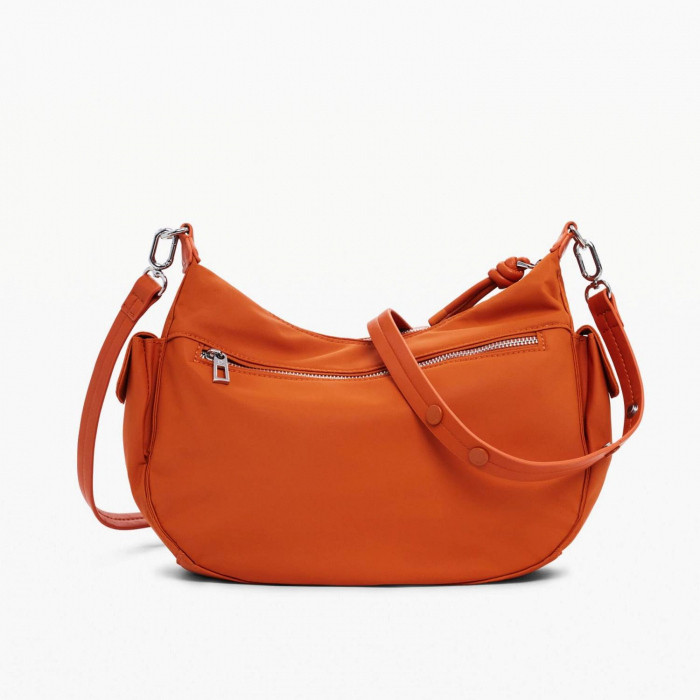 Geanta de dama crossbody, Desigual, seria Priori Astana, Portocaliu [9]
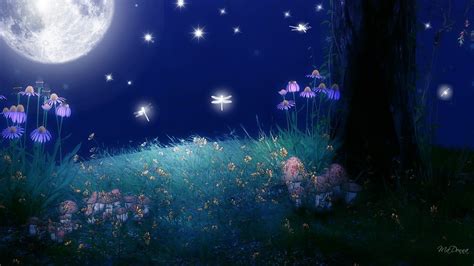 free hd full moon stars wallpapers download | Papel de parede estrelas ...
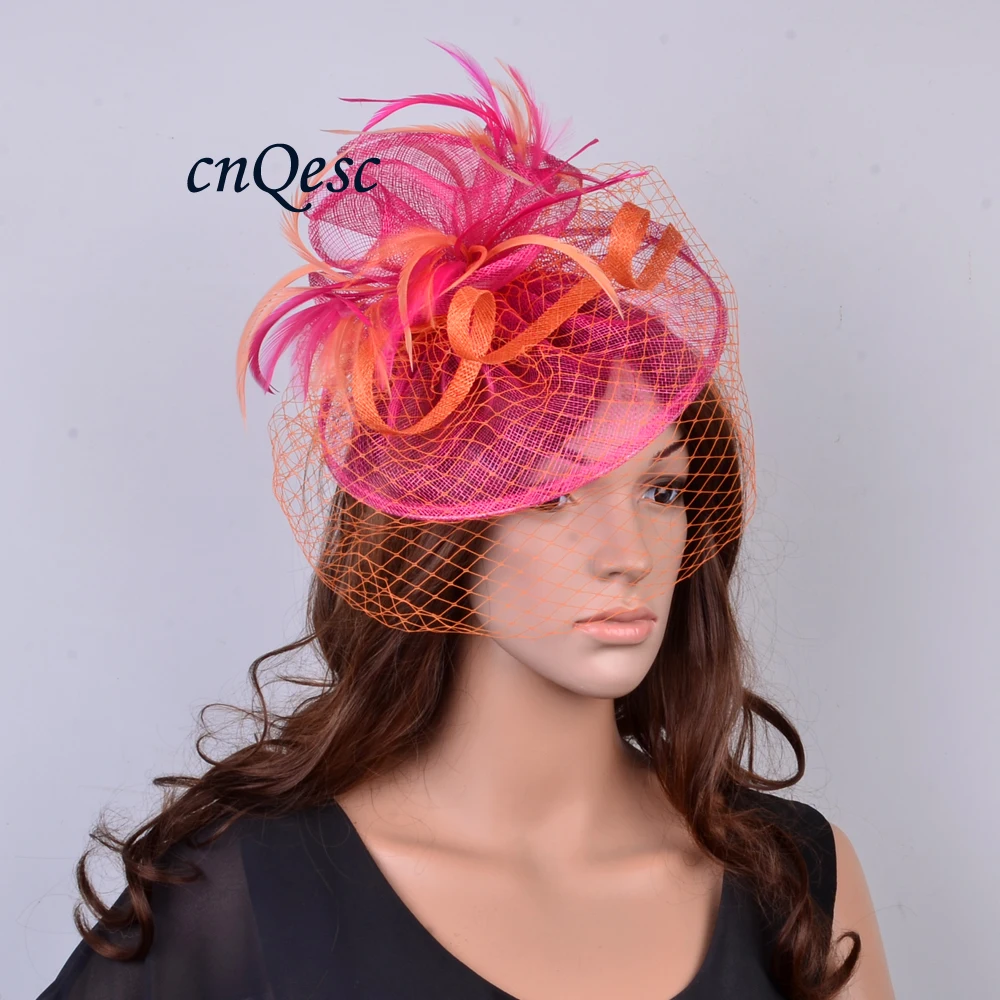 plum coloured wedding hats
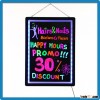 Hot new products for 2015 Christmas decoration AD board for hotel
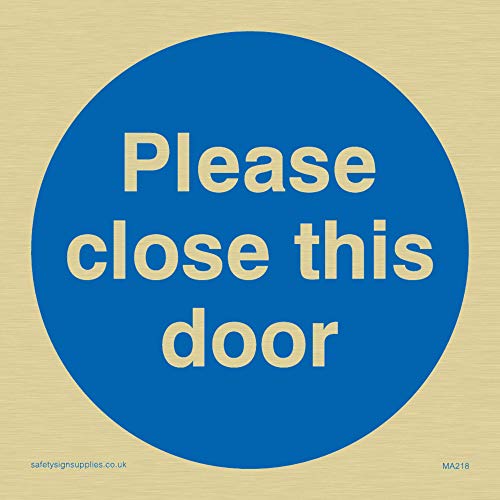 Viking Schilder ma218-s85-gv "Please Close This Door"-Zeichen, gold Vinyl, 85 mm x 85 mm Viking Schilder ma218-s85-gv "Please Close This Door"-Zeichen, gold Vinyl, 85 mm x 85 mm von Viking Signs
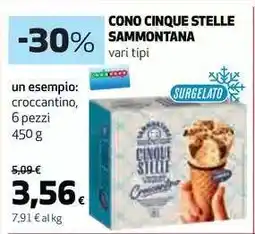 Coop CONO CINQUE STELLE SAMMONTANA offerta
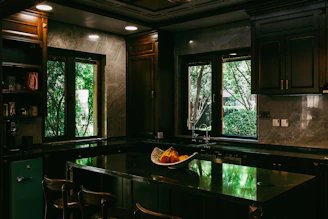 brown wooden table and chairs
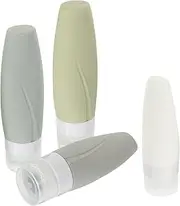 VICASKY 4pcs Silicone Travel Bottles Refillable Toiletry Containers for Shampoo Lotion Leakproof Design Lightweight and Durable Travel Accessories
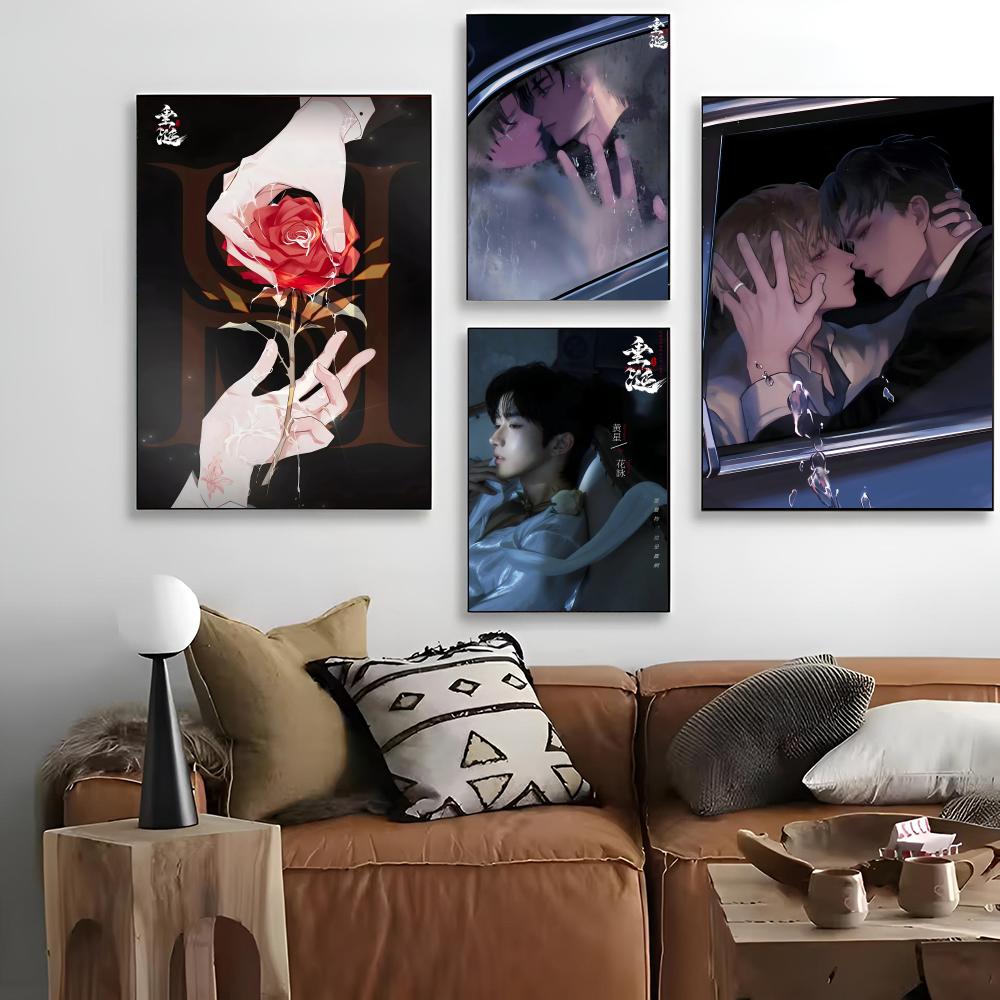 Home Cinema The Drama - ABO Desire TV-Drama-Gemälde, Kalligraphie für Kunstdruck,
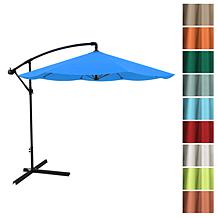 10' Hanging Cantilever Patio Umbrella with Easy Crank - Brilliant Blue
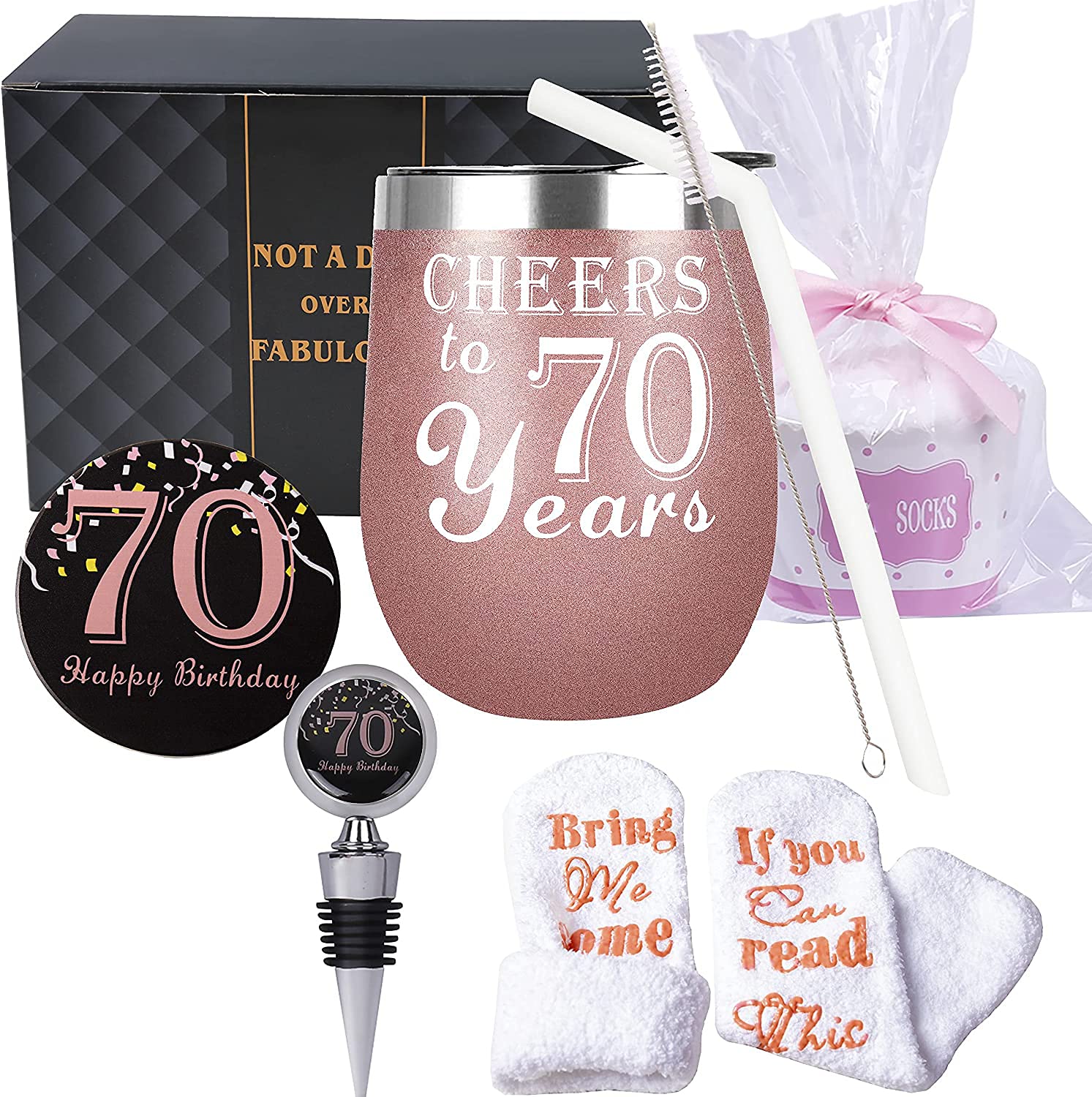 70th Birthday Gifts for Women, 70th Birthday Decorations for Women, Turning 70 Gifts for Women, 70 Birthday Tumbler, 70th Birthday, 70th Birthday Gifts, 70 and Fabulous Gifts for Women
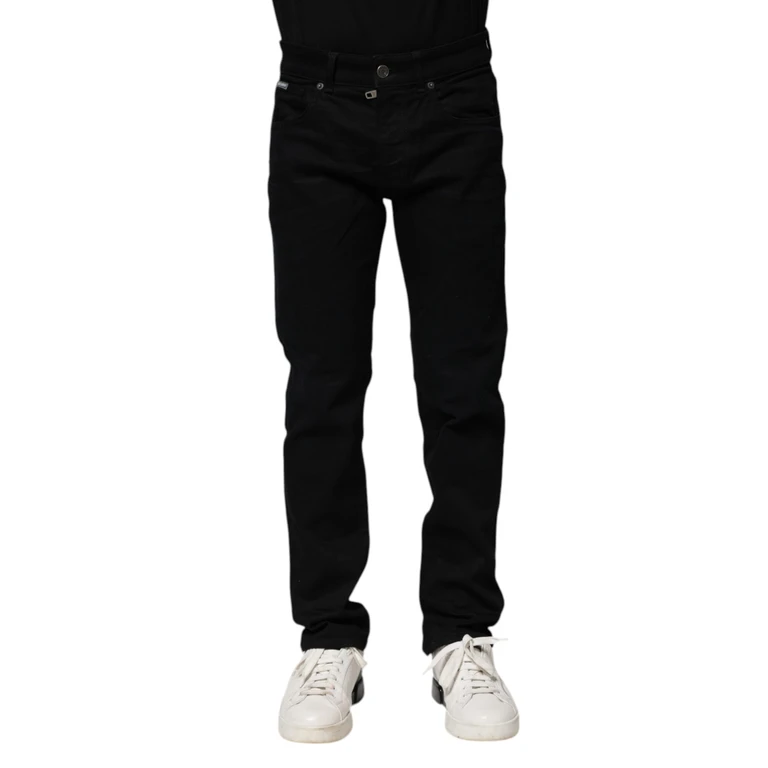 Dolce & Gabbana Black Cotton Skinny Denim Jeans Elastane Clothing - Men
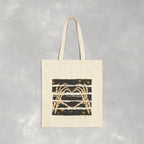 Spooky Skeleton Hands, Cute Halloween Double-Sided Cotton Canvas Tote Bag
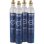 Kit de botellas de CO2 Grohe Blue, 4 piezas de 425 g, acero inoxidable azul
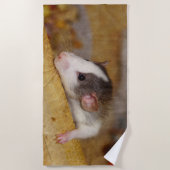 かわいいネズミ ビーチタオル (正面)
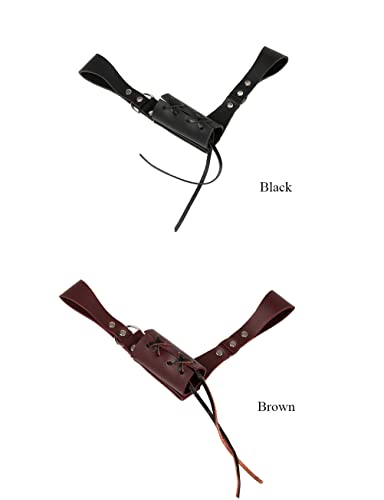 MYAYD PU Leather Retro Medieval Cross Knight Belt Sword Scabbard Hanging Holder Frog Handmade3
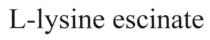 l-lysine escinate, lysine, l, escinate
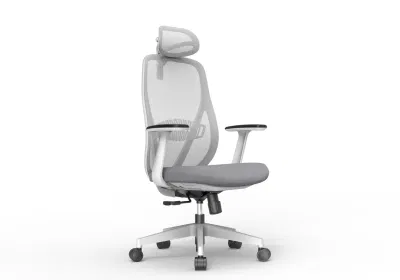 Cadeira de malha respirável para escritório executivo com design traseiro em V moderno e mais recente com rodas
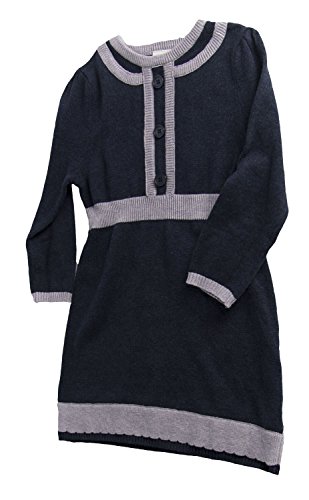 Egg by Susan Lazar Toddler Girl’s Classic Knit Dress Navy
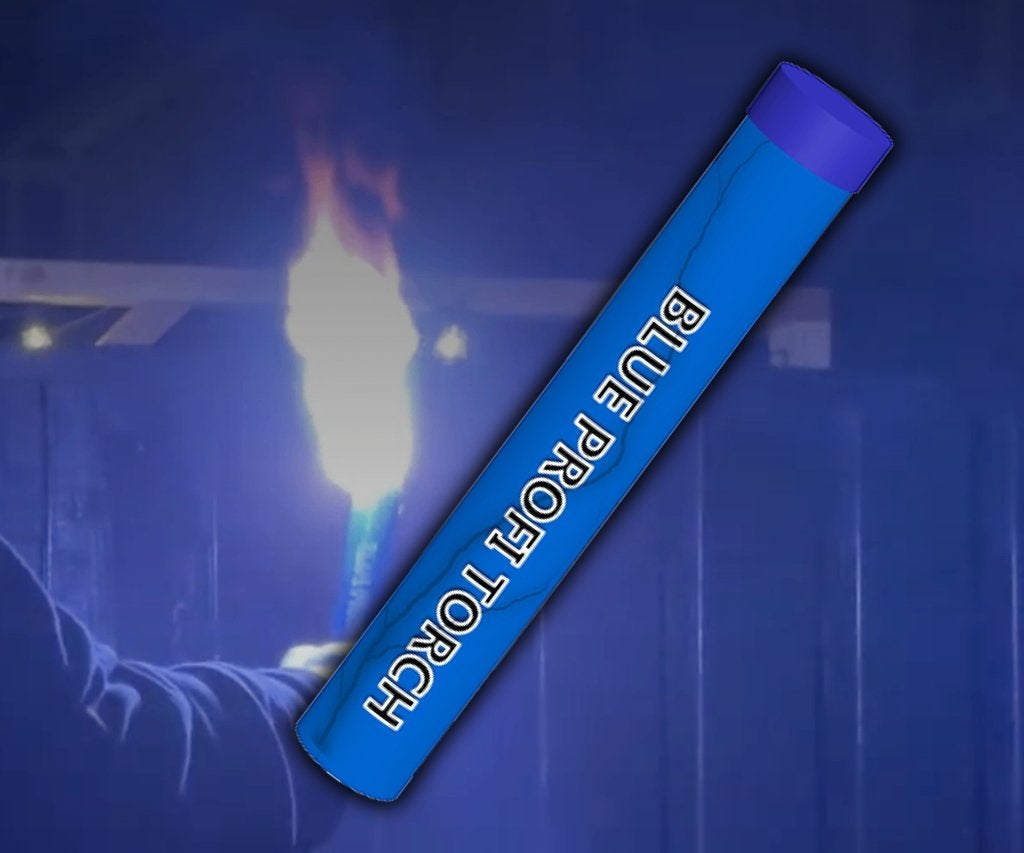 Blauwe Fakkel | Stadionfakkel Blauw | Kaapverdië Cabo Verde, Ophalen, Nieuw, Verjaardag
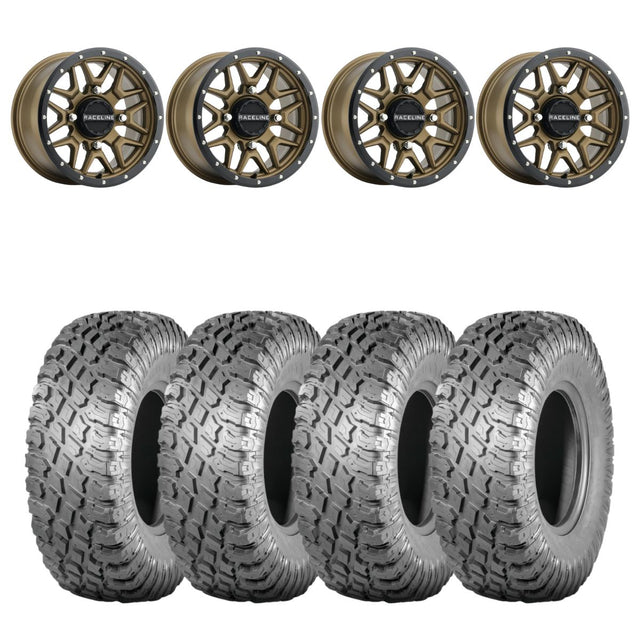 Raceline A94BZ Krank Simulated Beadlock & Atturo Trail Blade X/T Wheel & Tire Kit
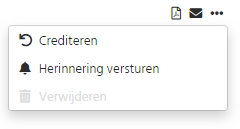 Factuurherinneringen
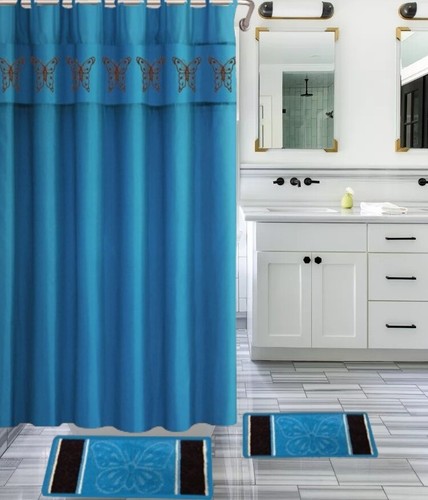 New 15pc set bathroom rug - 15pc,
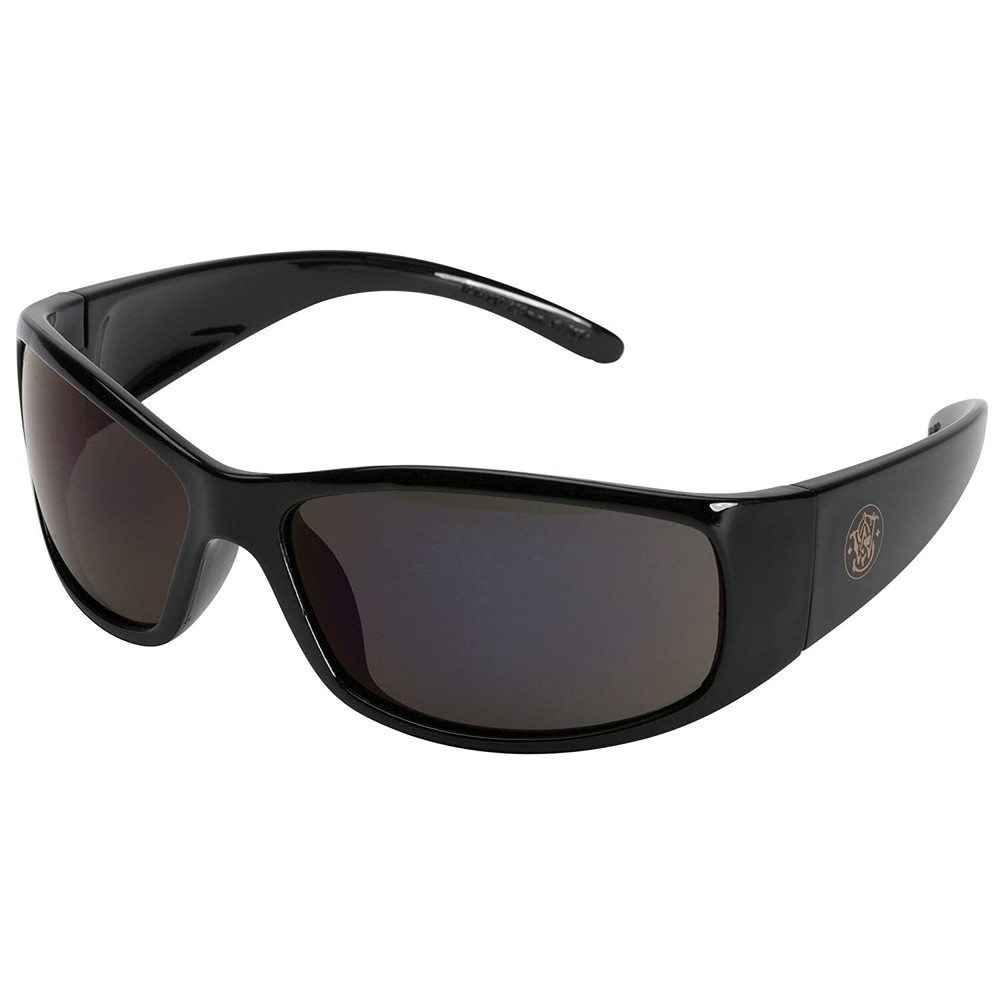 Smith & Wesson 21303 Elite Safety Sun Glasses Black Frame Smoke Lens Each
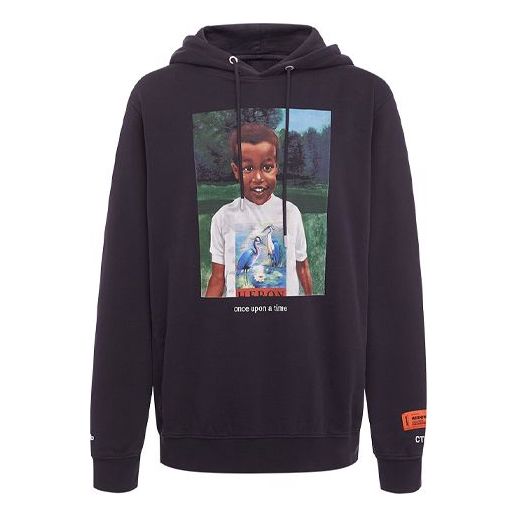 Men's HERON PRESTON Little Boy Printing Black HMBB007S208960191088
•••••
Transcribe, word for word, the stretch of lines in the data above from the one with "Hot new products" through the one with "Coop CONO CINQUE STELLE SAMMONTANA offerta"; omit all pictures.

RESPONSE TO THIS EXERCISE
 Hot new products for 2015 Christmas decoration AD board for hotel
 Viking Schilder ma218-s85-gv "Please Close This Door"-Zeichen, gold Vinyl, 85 mm x 85 mm Viking Schilder ma218-s85-gv "Please Close This Door"-Zeichen, gold Vinyl, 85 mm x 85 mm von Viking Signs
 Coop CONO CINQUE STELLE SAMMONTANA offerta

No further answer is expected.